China’s first four-seat electric aircraft makes maiden flight

By Wang Bozun Source:Global Times Published: 2019/10/29 13:49:28

After successful test of RX4E, industry urges support from nation's regulators

A general view of the Liaoning General Aviation Academy (LGAA) developed electric aircraft RX4E Photo: Courtesy of LGAA

A test of China's first domestic four-seat new-energy aircraft was held successfully on Monday, drawing praise from industry insiders and analysts who said that while the plane represents a breakthrough, there's a need for technological improvement and strong regulatory support.

The RX4E, a general aviation product developed by Liaoning General Aviation Academy (LGAA), made its maiden flight from the Cai Hu airport near Shenyang, Northeast China's Liaoning Province.

"It is a breakthrough in China's electric aircraft development," Wang Yanan, chief editor of Aerospace Knowledge magazine, told the Global Times. Wang said that the test represents a good start for China amid a global trend of electric aircraft development.
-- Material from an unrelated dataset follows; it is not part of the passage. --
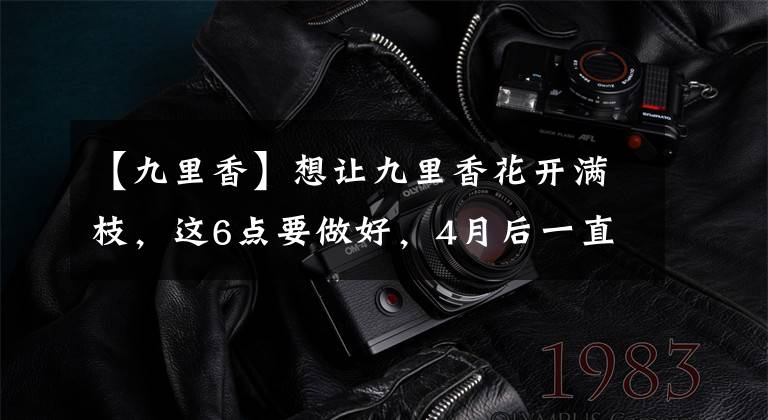 【九里香】想让九里香花开满枝,这6点要做好,4月后一直开花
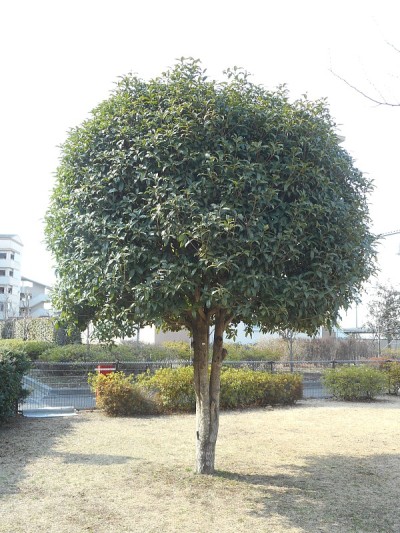 香橄榄树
According to documents provided by LGAA to the Global Times, the RX4E measures 13.5 meters in length and 8.4 meters in depth, with a takeoff weight of 1,200 kilograms, a maximum power of 140 kilowatts, a cruising speed of 200 kilometers per hour, and a flying time of 90 minutes. Carbon fiber composite materials are widely used in the aircraft structure, and they account for 77 percent of the total structural weight of the plane.
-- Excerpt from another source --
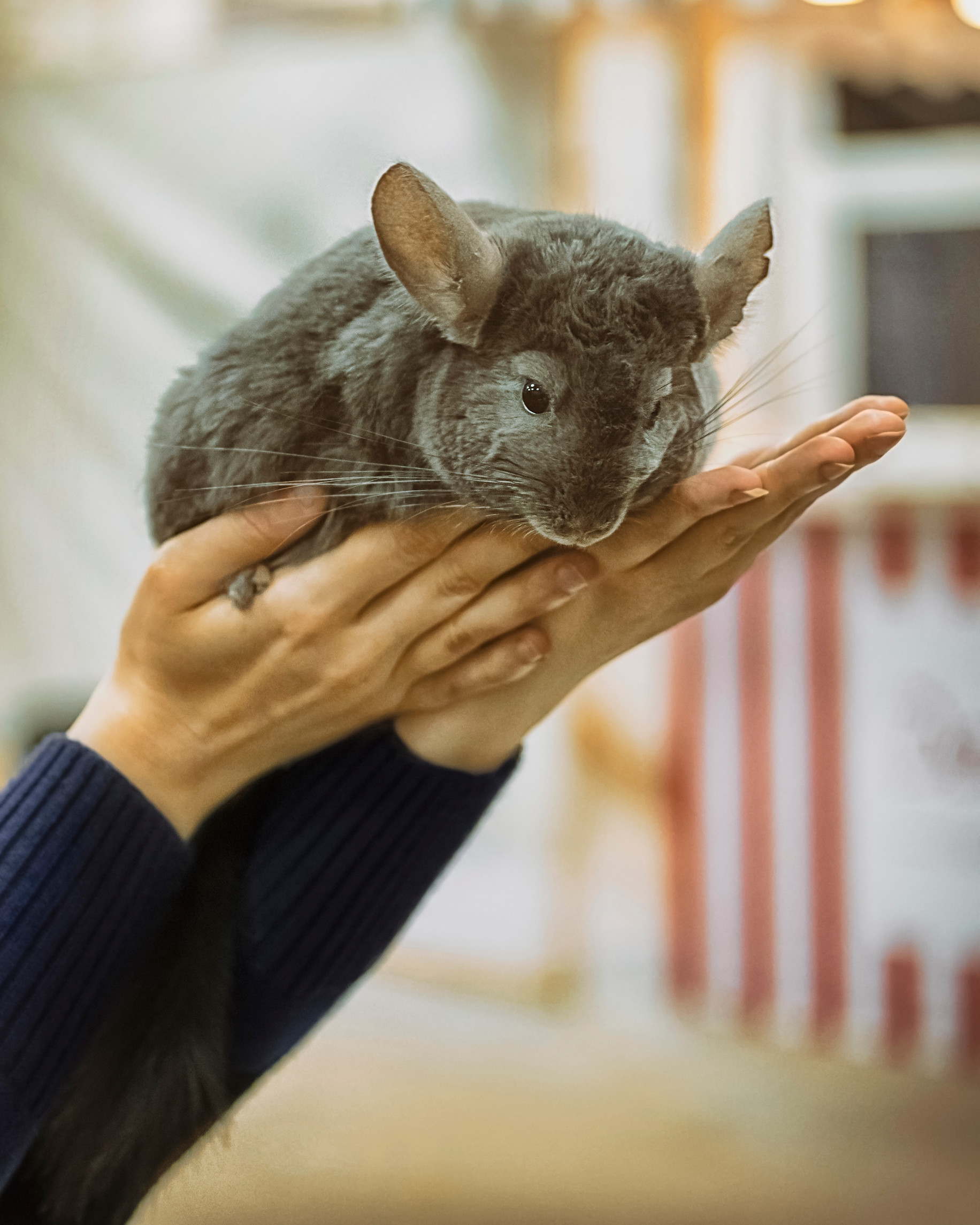 Chinchilla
The total installed capacity of the system's power battery is nearly 70 kilohertz. The plane has adopted the first cell product whose energy density exceeds 300 watt-hours per kilogram in China, which is at the leading level globally, according to the documents.
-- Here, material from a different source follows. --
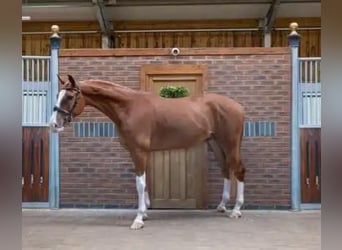 Zangersheider, Gelding, 5 years, 16,2 hh, Chestnut-Red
As it has the ability to take off and land on hard grass or sand, stone pavements and coastal airports, the market potential of the RX4E is huge, LGAA employees told the Global Times. They said the plane could be used for short-distance transportation, pilot training, sightseeing, experience flight, aerial photography and aerial mapping, and other fields.

"The successful maiden flight of the RX4E is a significant step for China," Ma Yuzhong, an industry watcher, told the Global Times.

But, as other countries expedite development in this field, experts and industrial insiders warned that China must speed up.

The successful development of the RX4E has created a national brand with independent intellectual property rights, the LGAA employees said. However, as many countries are expediting the development of electric aircraft, the LGAA is urging regulators in China to speed up the release of a clearer roadmap.

According to data provided by the LGAA, as of June this year, there were more than 170 projects involving electric aircraft, and the number is expected to exceed 200 by the end of this year.

"Advanced aviation bodies, such as NASA, Boeing and AIRBUS, have put forward clear research and development plans for electric aircraft, and foreign governments are supporting and promoting them," the documents said, urging more support from the government.

Wang agreed with the LGAA's idea, saying that, despite the successful test, there are still technical problems to be solved before these aircraft enter commercial service. Regulators should provide strong support to industry players in research and development in this new sector.

Wang noted that due to a bottleneck in developing batteries, industry players worldwide are more or less at the same level, so "anyone who wants to take leading position in the industry now must make technological breakthroughs. It is a big challenge that also requires regulators' support."